Milkman’s doctoral dissertation concluded that people would choose either heroin or amphetamines depending on how they liked to deal with stress. Heroin users wanted to numb themselves; amphetamine users wanted to actively confront it. After this work was published, he was among a group of researchers drafted by the US National Institute on Drug Abuse to answer questions such as: why do people start using drugs? Why do they continue? When do they reach a threshold to abuse? When do they stop? And when do they relapse?

“Any college kid could say: why do they start? Well, there’s availability, they’re risk-takers, alienation, maybe some depression,” he says. “But why do they continue? So I got to the question about the threshold for abuse and the lights went on – that’s when I had my version of the ‘aha’ experience: they could be on the threshold for abuse before they even took the drug, because it was their style of coping that they were abusing.”

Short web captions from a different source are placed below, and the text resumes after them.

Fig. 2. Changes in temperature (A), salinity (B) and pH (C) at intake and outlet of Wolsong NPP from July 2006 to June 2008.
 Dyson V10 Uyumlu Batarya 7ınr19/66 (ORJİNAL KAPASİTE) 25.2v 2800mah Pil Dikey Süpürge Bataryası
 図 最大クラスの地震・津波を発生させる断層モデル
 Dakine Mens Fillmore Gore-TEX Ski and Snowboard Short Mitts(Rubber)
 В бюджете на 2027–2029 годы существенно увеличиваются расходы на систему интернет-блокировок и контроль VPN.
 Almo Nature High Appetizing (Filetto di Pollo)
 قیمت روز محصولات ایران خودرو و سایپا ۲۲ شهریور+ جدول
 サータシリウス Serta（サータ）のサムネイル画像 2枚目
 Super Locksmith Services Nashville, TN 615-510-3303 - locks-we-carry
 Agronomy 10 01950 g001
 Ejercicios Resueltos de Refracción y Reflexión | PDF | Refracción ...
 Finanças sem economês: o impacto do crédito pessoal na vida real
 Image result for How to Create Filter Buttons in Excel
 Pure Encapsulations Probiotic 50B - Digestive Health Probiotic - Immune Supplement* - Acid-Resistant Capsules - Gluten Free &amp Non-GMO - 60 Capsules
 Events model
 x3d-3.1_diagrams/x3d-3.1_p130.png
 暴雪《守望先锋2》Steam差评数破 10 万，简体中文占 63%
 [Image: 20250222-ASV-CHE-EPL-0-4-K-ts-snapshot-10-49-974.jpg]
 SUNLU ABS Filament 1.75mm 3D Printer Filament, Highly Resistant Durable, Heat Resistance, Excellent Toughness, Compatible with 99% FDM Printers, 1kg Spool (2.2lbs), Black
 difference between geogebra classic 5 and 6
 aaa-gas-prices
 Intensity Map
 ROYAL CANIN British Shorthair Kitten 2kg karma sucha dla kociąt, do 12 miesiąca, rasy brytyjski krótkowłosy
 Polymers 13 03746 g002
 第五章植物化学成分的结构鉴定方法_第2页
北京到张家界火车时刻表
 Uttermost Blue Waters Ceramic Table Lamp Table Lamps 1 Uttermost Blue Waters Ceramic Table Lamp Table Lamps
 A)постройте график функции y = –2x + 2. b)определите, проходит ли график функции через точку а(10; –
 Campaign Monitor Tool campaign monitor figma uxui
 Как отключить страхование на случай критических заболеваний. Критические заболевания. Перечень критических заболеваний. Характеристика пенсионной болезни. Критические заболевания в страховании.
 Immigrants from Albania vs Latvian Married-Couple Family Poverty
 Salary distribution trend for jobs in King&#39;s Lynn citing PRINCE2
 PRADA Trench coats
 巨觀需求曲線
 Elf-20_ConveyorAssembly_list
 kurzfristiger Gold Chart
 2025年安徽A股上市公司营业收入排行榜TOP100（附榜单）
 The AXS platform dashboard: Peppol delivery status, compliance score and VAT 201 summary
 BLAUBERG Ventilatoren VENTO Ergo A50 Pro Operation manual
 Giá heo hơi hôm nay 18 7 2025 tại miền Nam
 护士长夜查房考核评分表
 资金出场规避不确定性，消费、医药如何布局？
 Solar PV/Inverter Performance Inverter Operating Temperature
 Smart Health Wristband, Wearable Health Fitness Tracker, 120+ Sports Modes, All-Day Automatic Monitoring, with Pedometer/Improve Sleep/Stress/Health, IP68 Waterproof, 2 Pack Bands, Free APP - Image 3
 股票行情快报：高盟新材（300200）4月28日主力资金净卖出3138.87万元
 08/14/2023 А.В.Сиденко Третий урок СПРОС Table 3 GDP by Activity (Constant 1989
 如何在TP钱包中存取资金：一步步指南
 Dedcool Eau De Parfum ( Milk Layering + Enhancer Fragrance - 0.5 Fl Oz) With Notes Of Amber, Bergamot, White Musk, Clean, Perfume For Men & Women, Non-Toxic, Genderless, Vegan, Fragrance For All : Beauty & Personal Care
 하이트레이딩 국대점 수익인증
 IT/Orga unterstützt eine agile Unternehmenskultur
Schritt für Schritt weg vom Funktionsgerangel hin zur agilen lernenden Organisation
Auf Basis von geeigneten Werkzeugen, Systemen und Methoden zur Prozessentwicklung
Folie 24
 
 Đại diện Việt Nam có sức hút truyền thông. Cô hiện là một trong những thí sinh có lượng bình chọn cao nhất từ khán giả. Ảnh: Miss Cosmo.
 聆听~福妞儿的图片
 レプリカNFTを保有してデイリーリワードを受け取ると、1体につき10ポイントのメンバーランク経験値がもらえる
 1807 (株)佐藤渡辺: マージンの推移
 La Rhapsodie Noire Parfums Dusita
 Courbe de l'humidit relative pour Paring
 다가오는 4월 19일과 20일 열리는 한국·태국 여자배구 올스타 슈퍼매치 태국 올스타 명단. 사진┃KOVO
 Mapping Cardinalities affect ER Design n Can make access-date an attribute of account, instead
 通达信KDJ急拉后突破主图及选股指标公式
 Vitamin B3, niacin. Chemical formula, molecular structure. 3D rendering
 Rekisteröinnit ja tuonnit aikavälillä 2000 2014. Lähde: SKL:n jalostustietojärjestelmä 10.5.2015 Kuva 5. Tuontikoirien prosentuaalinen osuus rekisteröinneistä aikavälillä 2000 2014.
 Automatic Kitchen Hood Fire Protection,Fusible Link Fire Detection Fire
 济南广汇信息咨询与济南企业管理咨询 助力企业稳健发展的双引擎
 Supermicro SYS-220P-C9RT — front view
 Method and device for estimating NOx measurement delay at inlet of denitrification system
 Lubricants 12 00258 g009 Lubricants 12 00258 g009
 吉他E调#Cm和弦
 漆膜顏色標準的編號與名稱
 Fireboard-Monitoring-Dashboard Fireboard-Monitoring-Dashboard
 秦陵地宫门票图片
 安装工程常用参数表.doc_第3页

At Metropolitan State College of Denver, Milkman was instrumental in developing the idea that people were getting addicted to changes in brain chemistry. Kids who were “active confronters” were after a rush – they’d get it by stealing hubcaps and radios and later cars, or through stimulant drugs. Alcohol also alters brain chemistry, of course. It’s a sedative but it sedates the brain’s control first, which can remove inhibitions and, in limited doses, reduce anxiety.

“People can get addicted to drink, cars, money, sex, calories, cocaine – whatever,” says Milkman. “The idea of behavioural addiction became our trademark.”

This idea spawned another: “Why not orchestrate a social movement around natural highs: around people getting high on their own brain chemistry – because it seems obvious to me that people want to change their consciousness – without the deleterious effects of drugs?”

By 1992, his team in Denver had won a $1.2 million government grant to form Project Self-Discovery, which offered teenagers natural-high alternatives to drugs and crime. They got referrals from teachers, school nurses and counsellors, taking in kids from the age of 14 who didn’t see themselves as needing treatment but who had problems with drugs or petty crime.

“We didn’t say to them, you’re coming in for treatment. We said, we’ll teach you anything you want to learn: music, dance, hip hop, art, martial arts.” The idea was that these different classes could provide a variety of alterations in the kids’ brain chemistry, and give them what they needed to cope better with life: some might crave an experience that could help reduce anxiety, others may be after a rush.

At the same time, the recruits got life-skills training, which focused on improving their thoughts about themselves and their lives, and the way they interacted with other people. “The main principle was that drug education doesn’t work because nobody pays attention to it. What is needed are the life skills to act on that information,” Milkman says. Kids were told it was a three-month programme. Some stayed five years.

In 1991, Milkman was invited to Iceland to talk about this work, his findings and ideas. He became a consultant to the first residential drug treatment centre for adolescents in Iceland, in a town called Tindar. “It was designed around the idea of giving kids better things to do,” he explains. It was here that he met Gudberg, who was then a psychology undergraduate and a volunteer at Tindar. They have been close friends ever since.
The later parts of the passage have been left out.